# Our New Puppy!!! Anyone know what breeds are in him?



## jonn123 (Jan 24, 2012)

Here's a picture of our new puppy. He's a rescue puppy, we are trying to figure out what breeds are in him. People have said shepherd, collie, husky and malamute. Any ideas?

He's 3 months old in the first picture and 4 months in the second. He's very fluffy and his paws are massive!!!


----------



## luvmyfurballs (Mar 5, 2012)

Very different looking dog--in a good way!!! I would think possibly some Chow?


----------



## Poria (Mar 9, 2012)

i saw a dog like this was husky/shepherd


----------



## Tazor (Mar 5, 2012)

The coat reminds me of chow..any black on his tongue? In any case, i eould guess malamute/chow.


----------



## luvmyfurballs (Mar 5, 2012)

Tazor said:


> The coat reminds me of chow..any black on his tongue?
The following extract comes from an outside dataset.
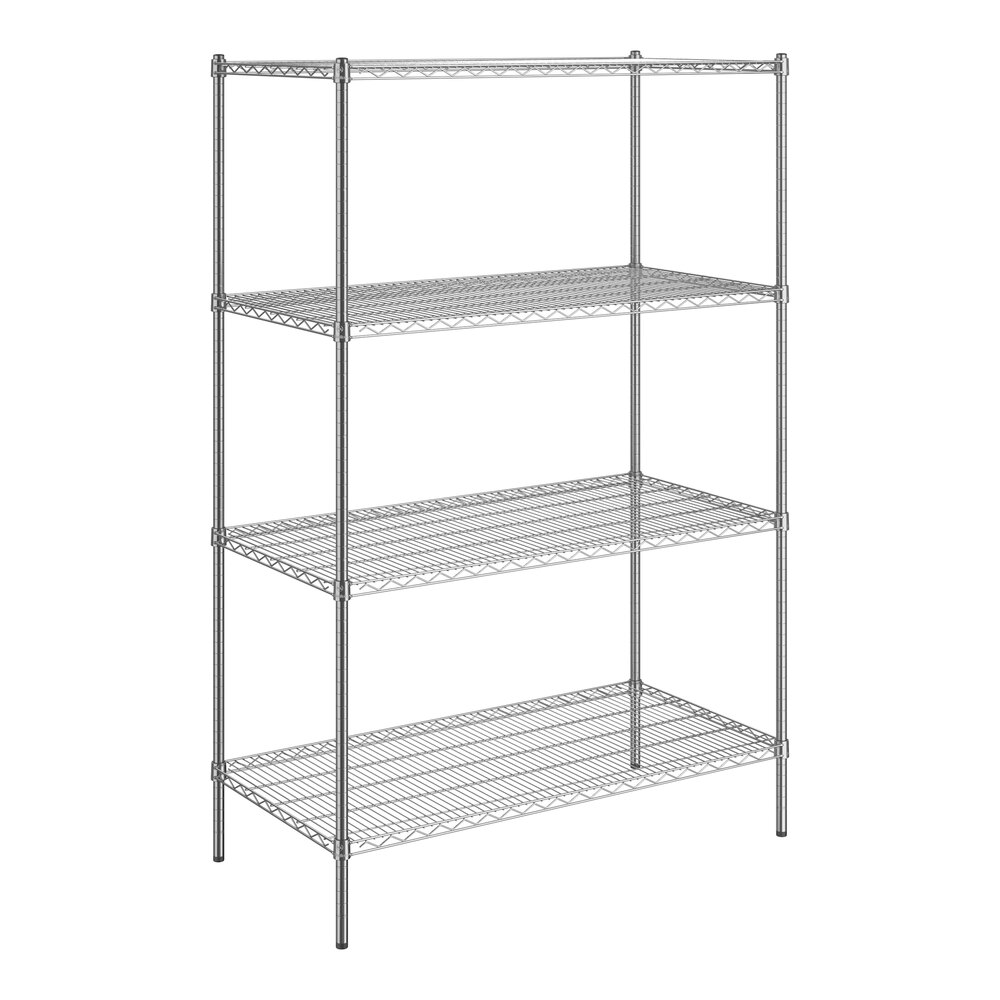 Steelton 24" x 48" NSF Chrome 4-Shelf Kit with 72" Posts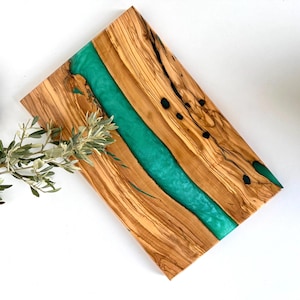 Olive Wood Charcuterie Board with Epoxy Resin | Serving Tray for Cheese | Valentin Day Gift l Resin Charcuterie Board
In any case, i eould guess malamute/chow.


I think its the ears that remind me of chow...I looked up a picture of a chow and the ears are almost exactly the same!!


----------



## Sibe (Nov 21, 2010)

The ears make me think Chow too, but they're more upright in the second pic. I think husky or malamute with the face markings too. He's very cute!


----------



## malamutelove (Dec 6, 2010)

he has a little bit of maggie's markings!


----------



## KaywinnitLee (Jan 1, 2012)

His markings look husky and his coat/coloring looks shepherd...I do not really see any chow in him. He's adorable!


----------



## luv2byte (Oct 21, 2009)

Malamute/shepherd?


----------



## sassafras (Jun 22, 2010)

luv2byte said:


> Malamute/shepherd?


That would be my guess, too. It will be interesting to see what he looks like as he matures and how big he gets.


----------



## Donna5503 (Mar 13, 2009)

Newfoundland & Husky.....he is sooooooooo adorable! Congratulations!


----------



## luv mi pets (Feb 5, 2012)

I saw a dog like him today. That dog was a finnish lapphund. Some of them have similar markings. How much does he weigh?


----------